How much does it cost to start a hot shot trucking business?
Starting a hot shot trucking business can be a considerable investment, but the exact cost can vary widely depending on a variety of factors. Here’s a rough breakdown of the average costs involved and the factors affecting them:
- Acquiring a Truck and Trailer: The type and size of the truck and trailer you choose will significantly affect your initial costs. For a new hotshot-specific truck, you might spend between $40,000 and $80,000, while used trucks could be between $15,000 and $40,000. A new trailer can cost between $7,000 and $20,000, while a used one might range from $2,000 to $10,000.
- Insurance: Hot shot trucking insurance costs can vary widely depending on the coverage limits, your driving history, the cargo you’re carrying, and more. On average, you might expect to pay between $7,000 and $12,000 per year.
- Business Registration and Licensing: These costs can also vary. Registering a business might cost a few hundred dollars, while obtaining a USDOT number is free but getting an MC number costs around $300. Various state licenses can also add to the costs.
- Operating Expenses: These include fuel, maintenance, repairs, tolls, and more. The cost of fuel, in particular, can vary widely depending on current prices and the fuel efficiency of your truck. Maintenance and repairs can range from a few hundred to a few thousand dollars per year.
- Load Board Subscription: Most load boards charge a monthly fee, ranging from around $20 to $150 or more, depending on the features and benefits they offer.
Given these factors, the total startup cost for a hot shot trucking business might range from $30,000 to $80,000 or more. Remember, these are just averages and actual costs can be lower or higher depending on your specific situation.

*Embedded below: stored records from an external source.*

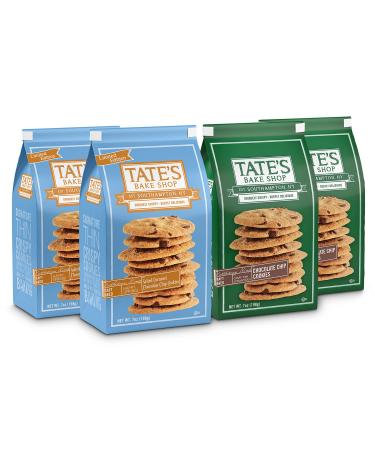 Tate's Bake Shop Cookies Variety Pack, Salted Caramel Chocolate Chip & Chocolate Chip Cookies, 4 - 7 oz Bags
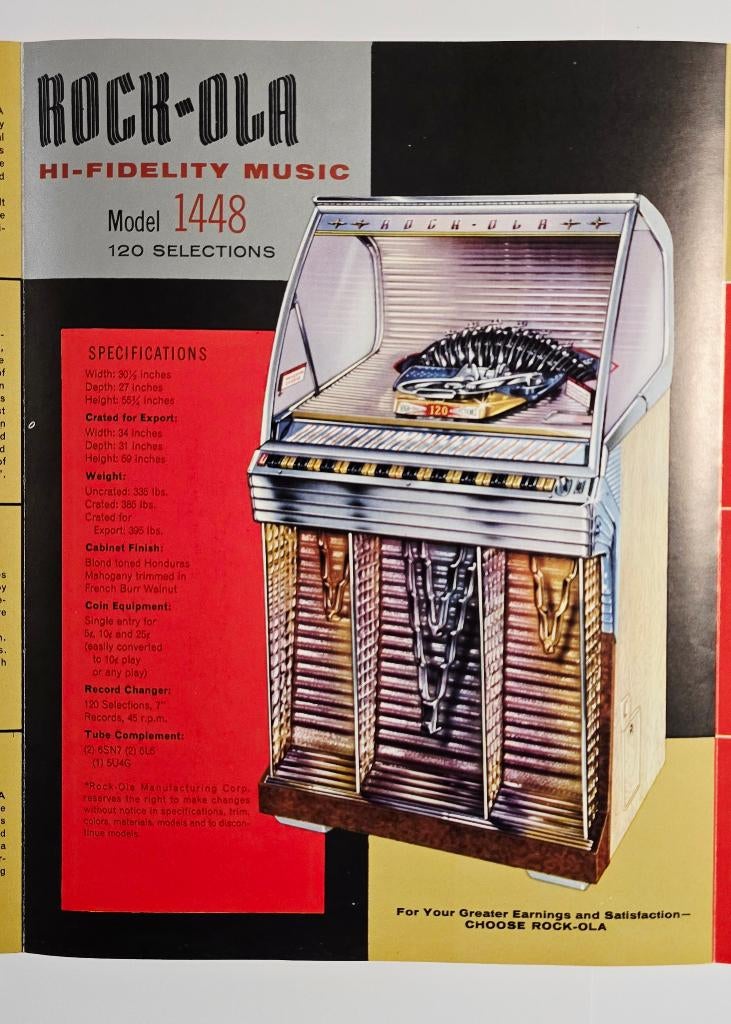 ROCK-OLA Model 1448 Juke-Box 1955 originele mappen, Verzamelen, Ophalen of Verzenden, Gebruikt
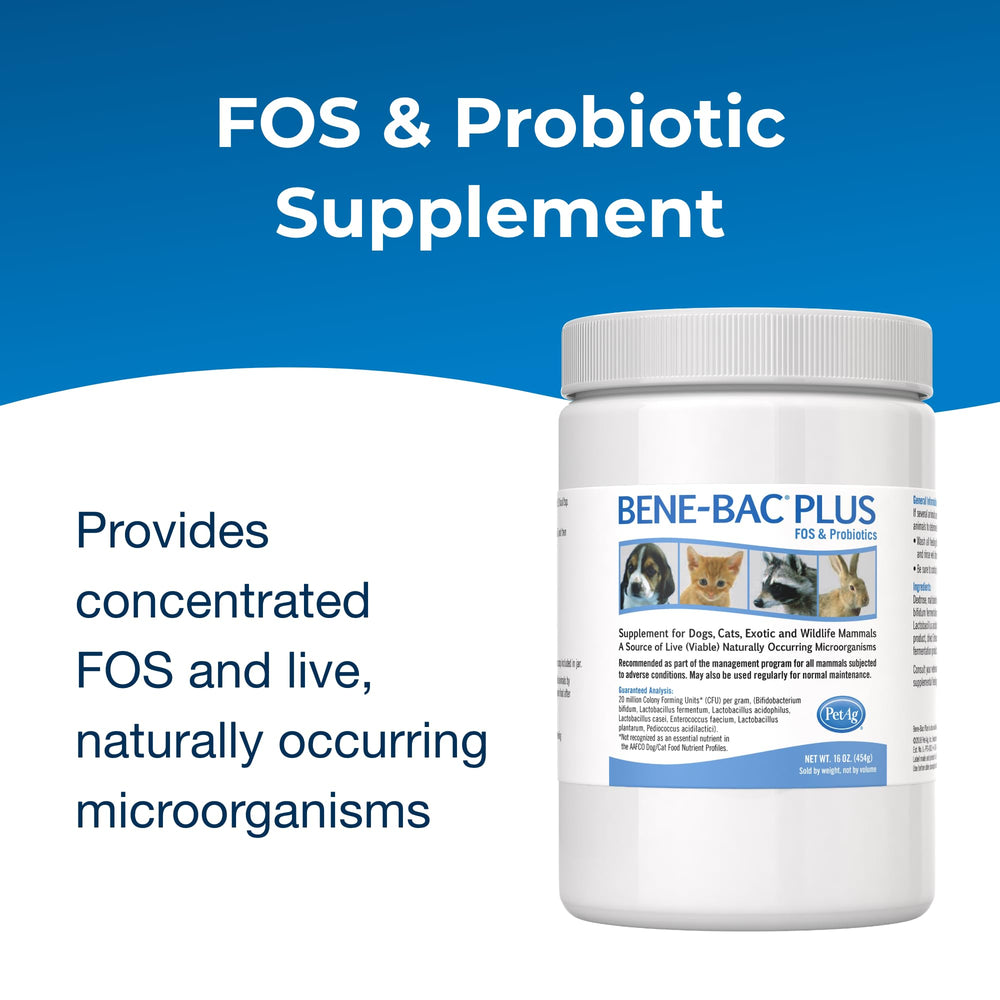 Bene-Bac Plus - 1 lb Powder - FOS & Probiotics for Dogs, Cats, Exotic & Wildlife Mammals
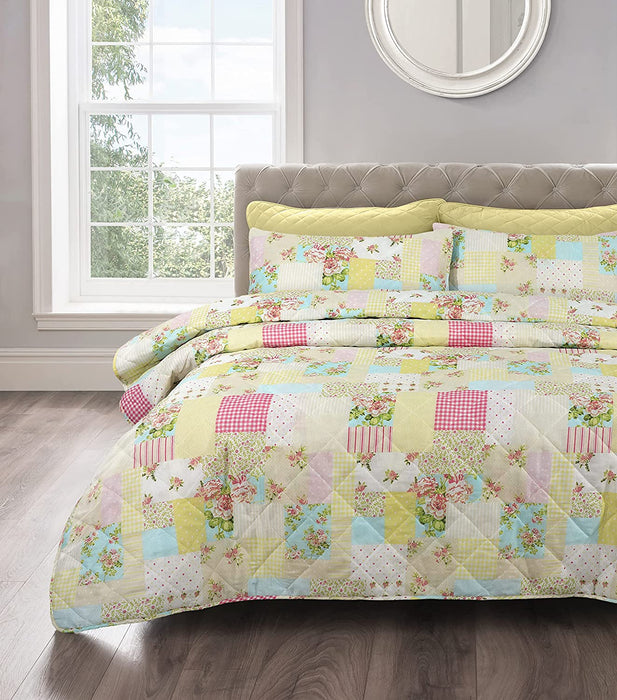 Shabby Chic Floral Candice Patchwork Bedspread Set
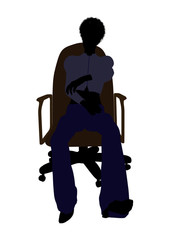 Female Executive Sitting On An Office Chair Illustration Silhouette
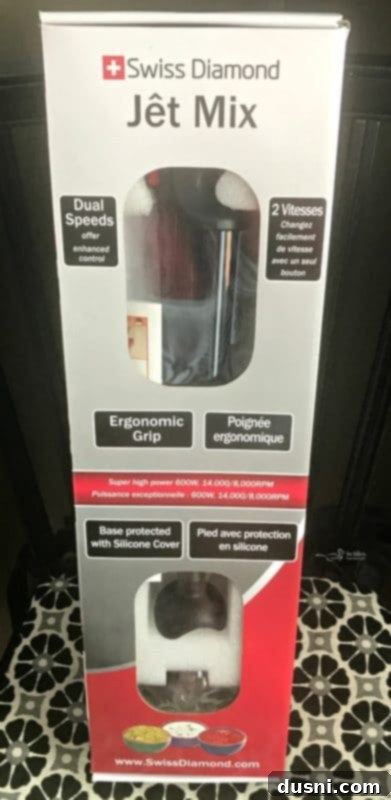 Homemade Dairy Queen Apple Pie Blizzard 4 Swiss Diamond Jêt Mix Immersion Blender box with various attachments visible, emphasizing its versatility for recipes like the Apple Pie Blizzard.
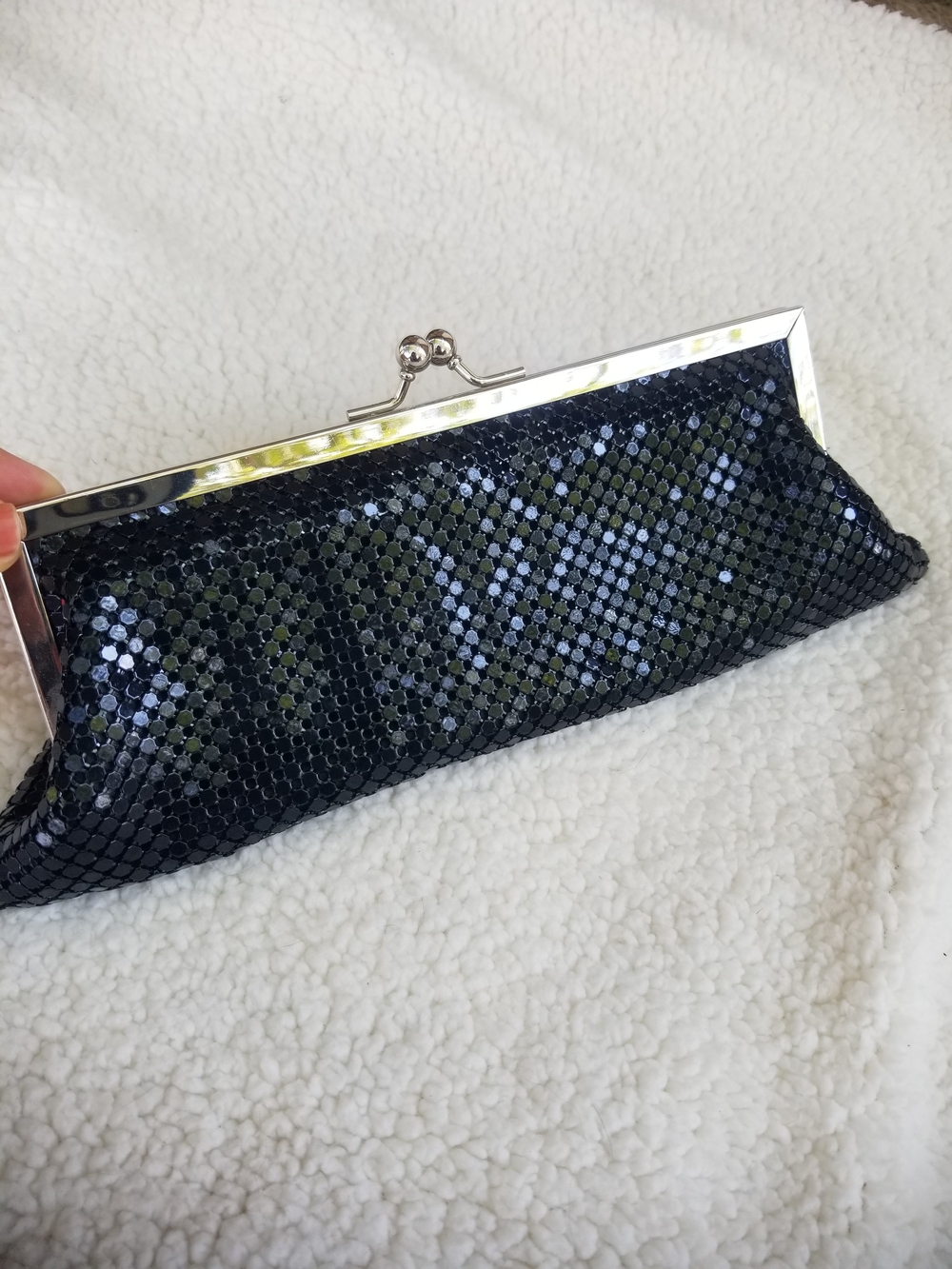 Vintage Black Sequin Silver Frame Purse with Detachable Chain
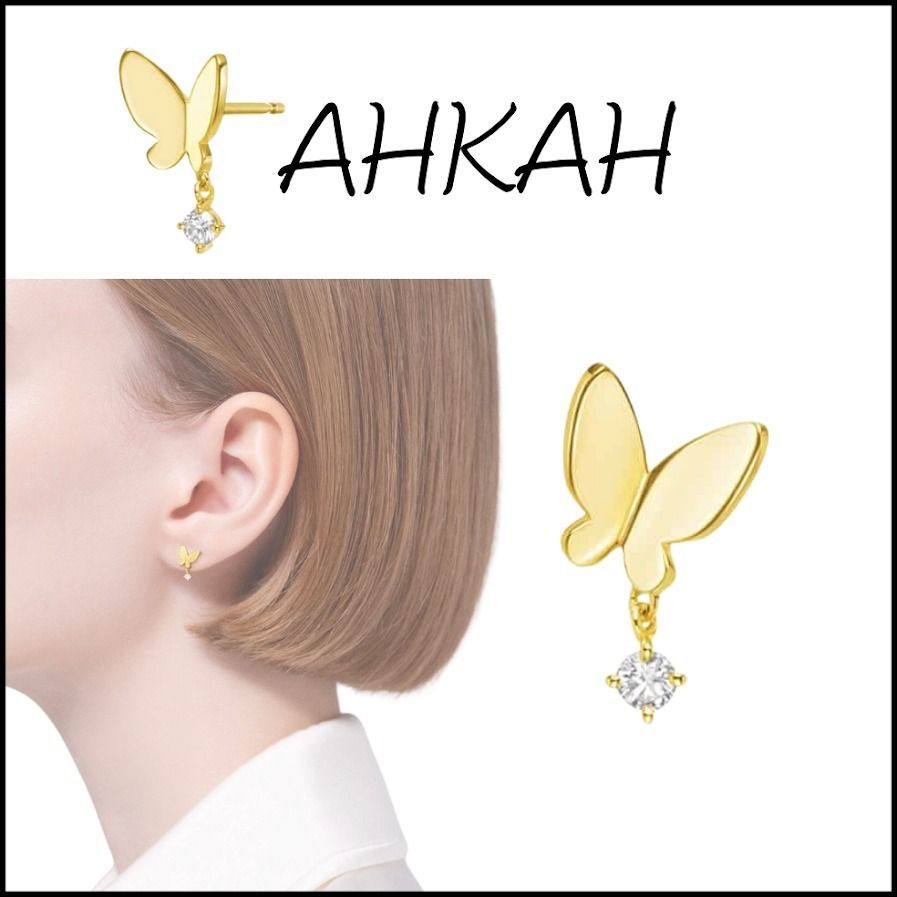 ギフトに【AHKAH】18K ダイヤ アンパピヨンブリリアン ピアス (AHKAH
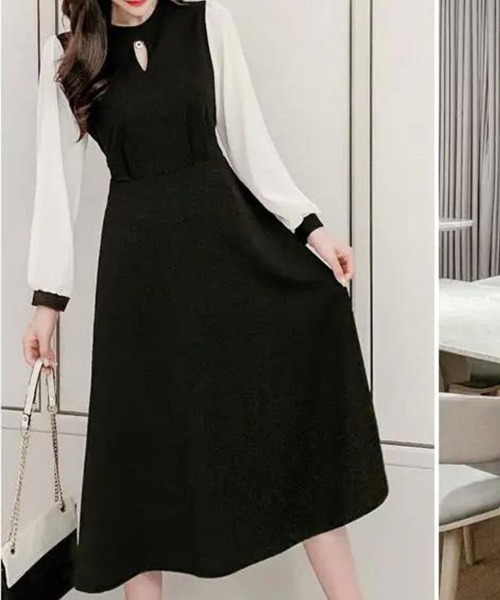 Flugge(フラッジー)の「シフォンスリーブ切り替えワンピース(ワンピース・レディース・ブラック・LARGE/MEDIUM)」の14枚目の写真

It’s essential to do your research, understand your business plan, and consider all potential costs to ensure a successful startup.
1. Do I need a CDL for hot shot trucking?
It depends on the gross vehicle weight rating of your truck and trailer combined. If it’s over a certain limit (usually 26,001 lbs), you’ll need a CDL.
2. How much can I earn from hot shot trucking?
Earnings vary widely in hot shot trucking based on factors like the number of loads, distance, location, and the type of goods transported. However, hot shot truckers can make a decent income, with many earning between $50,000 and $150,000 per year.
3. What type of vehicle do I need for hot shot trucking?
Typically, a 3/4 ton or 1-ton pickup truck is used for hot shot trucking. It’s paired with a gooseneck type trailer to transport loads.
4. What kind of insurance do I need for hot shot trucking?
You’ll need commercial auto liability insurance at the minimum. Other insurance types that might be beneficial include cargo insurance, physical damage insurance, and non-trucking liability insurance.
5. Is hot shot trucking profitable?
Yes, hot shot trucking can be profitable due to lower startup costs and operational flexibility. However, profitability largely depends on effective management, finding regular loads, and controlling expenses.
6. How can I find loads for hot shot trucking?
There are several online load boards where shippers post their loads. You can register on these platforms to find and bid on potential loads. Building relationships with local businesses can also lead to regular work.
This comprehensive guide provides a good starting point for anyone considering venturing into hot shot trucking. Remember, like any other business, it requires hard work, patience, and a commitment to delivering quality services. With the right approach and mindset, you can build a successful hot shot trucking business.